AVAILABLE RECORDS -
= = = = =

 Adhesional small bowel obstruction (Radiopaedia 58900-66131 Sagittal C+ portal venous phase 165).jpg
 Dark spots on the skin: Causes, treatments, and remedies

= = = = =

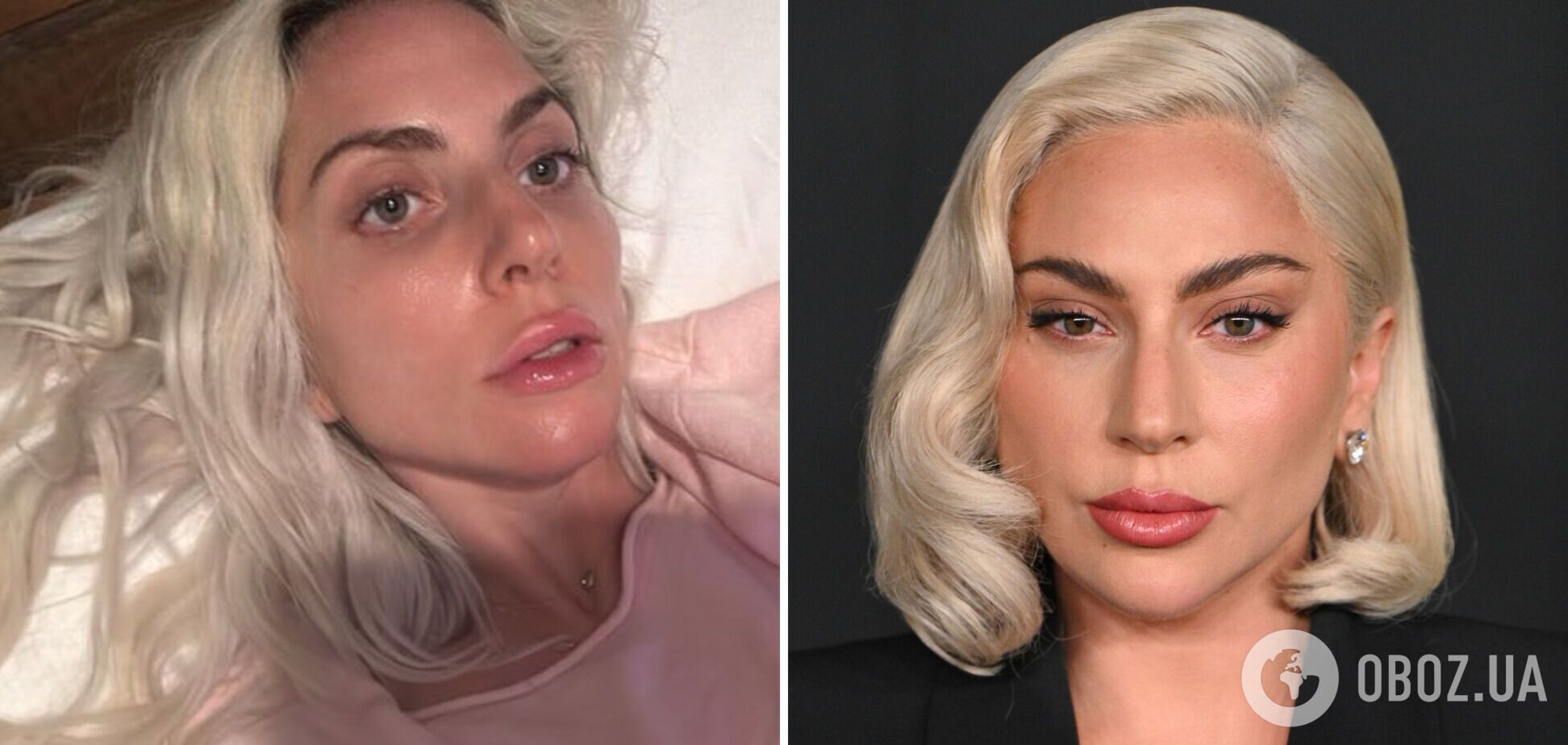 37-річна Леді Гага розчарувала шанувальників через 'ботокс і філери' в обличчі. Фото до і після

= = = = =

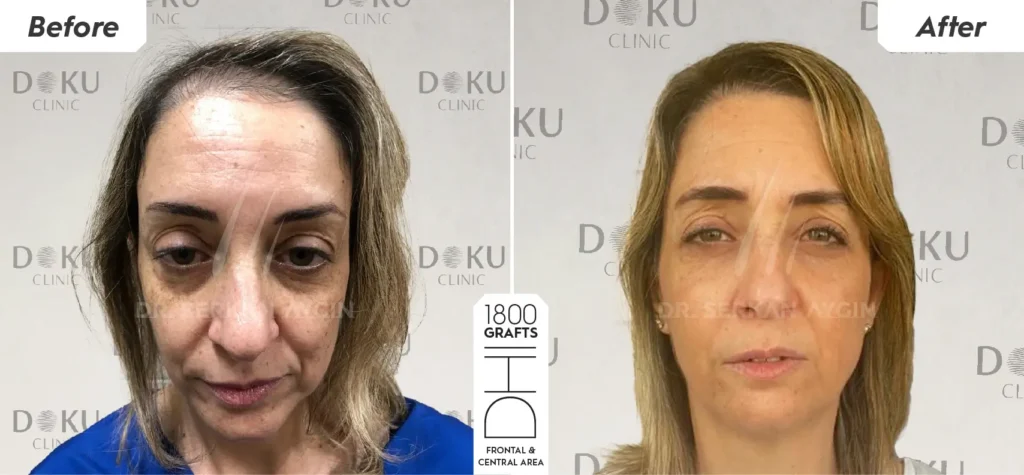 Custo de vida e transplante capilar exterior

= = = = =

PROBLEM REQUIREMENTS - Copy the entries above exactly, but only from the line holding "Adhesional small bowel" through the line holding "Dark spots on", both included.

SOLUTION -
 Adhesional small bowel obstruction (Radiopaedia 58900-66131 Sagittal C+ portal venous phase 165).jpg
 Dark spots on the skin: Causes, treatments, and remedies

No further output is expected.